## Dataset excerpt
# # # # # # #

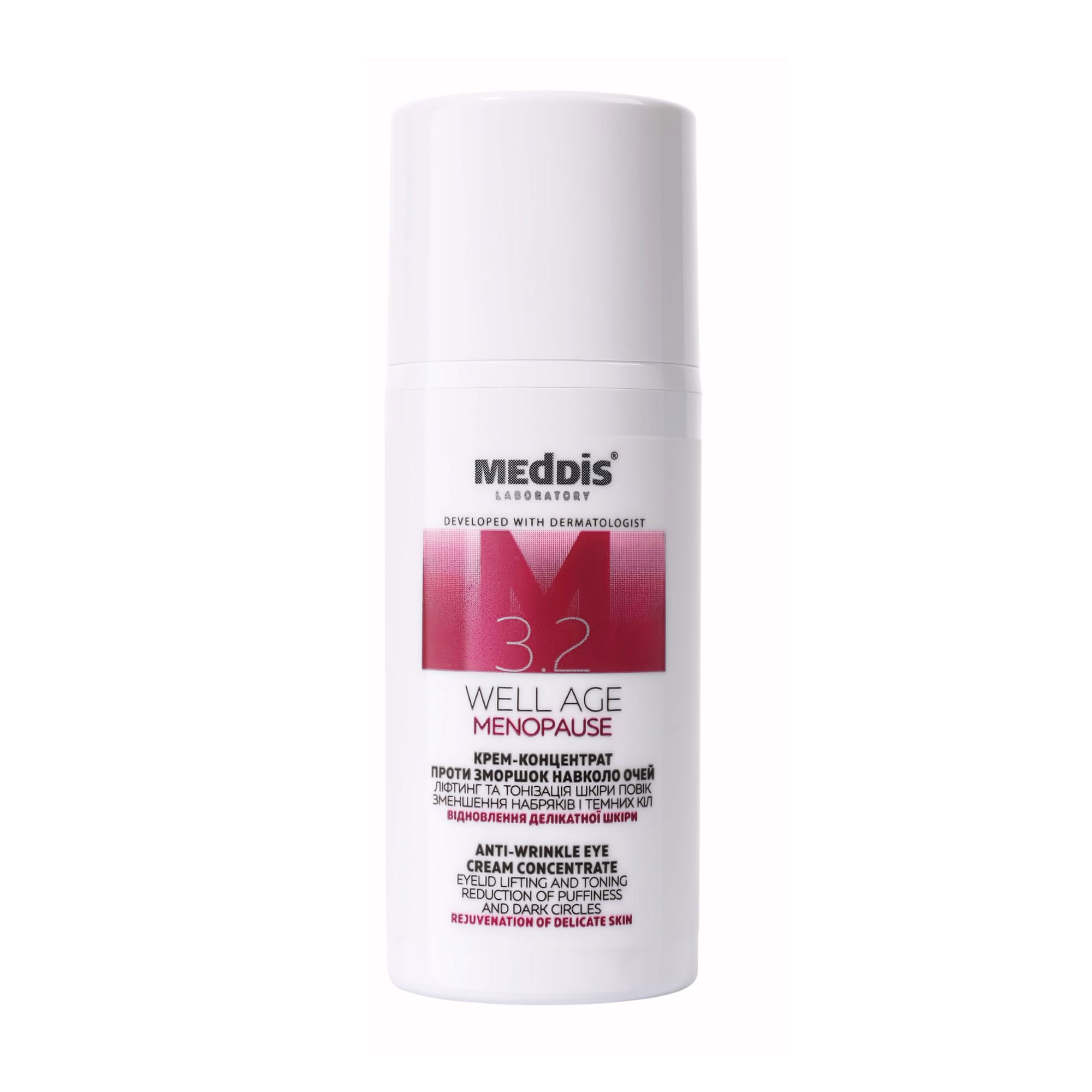 Крем-концентрат для шкіри навколо очей Meddis Well Age Menopause Anti-Wrinkle Eye Cream Concentrate проти зморщок, 30 мл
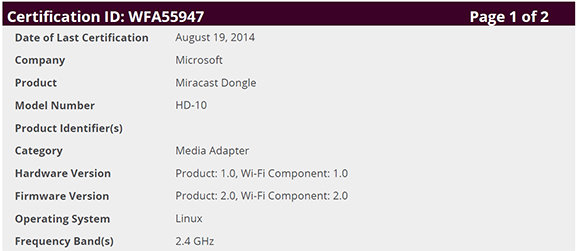 Microsoft Miracast Dongle HD-10
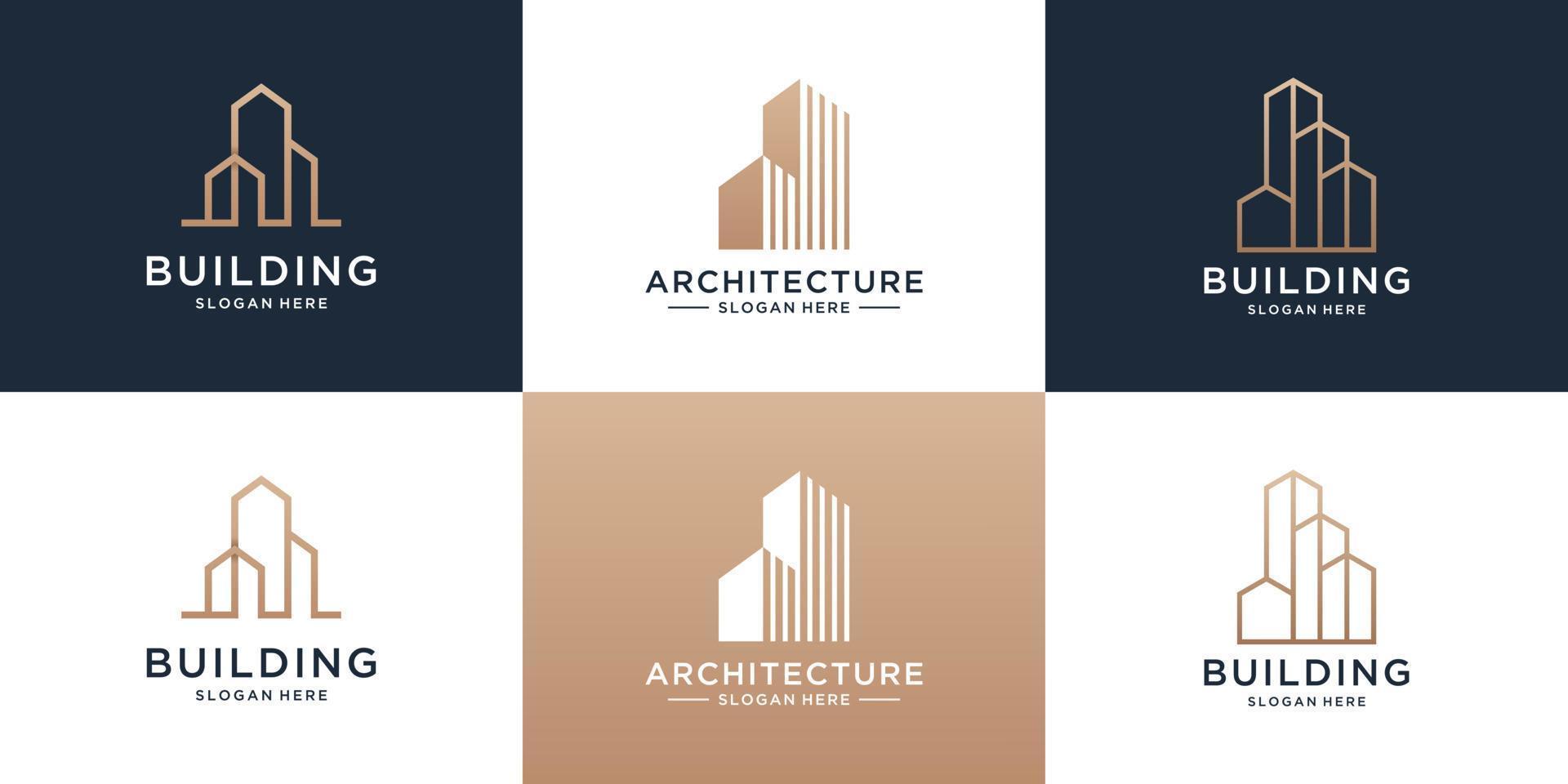 impostato di collezione vero tenuta appartamento logo design con edificio struttura vettore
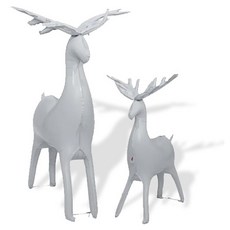 白色麋鹿 大小2件組, 1套, 單一顏色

# # # # # # #

## What to work on
What is needed is an exact reproduction of the data, pictures excluded.

## Answer to this problem
 Крем-концентрат для шкіри навколо очей Meddis Well Age Menopause Anti-Wrinkle Eye Cream Concentrate проти зморщок, 30 мл
 Microsoft Miracast Dongle HD-10
 impostato di collezione vero tenuta appartamento logo design con edificio struttura vettore
 白色麋鹿 大小2件組, 1套, 單一顏色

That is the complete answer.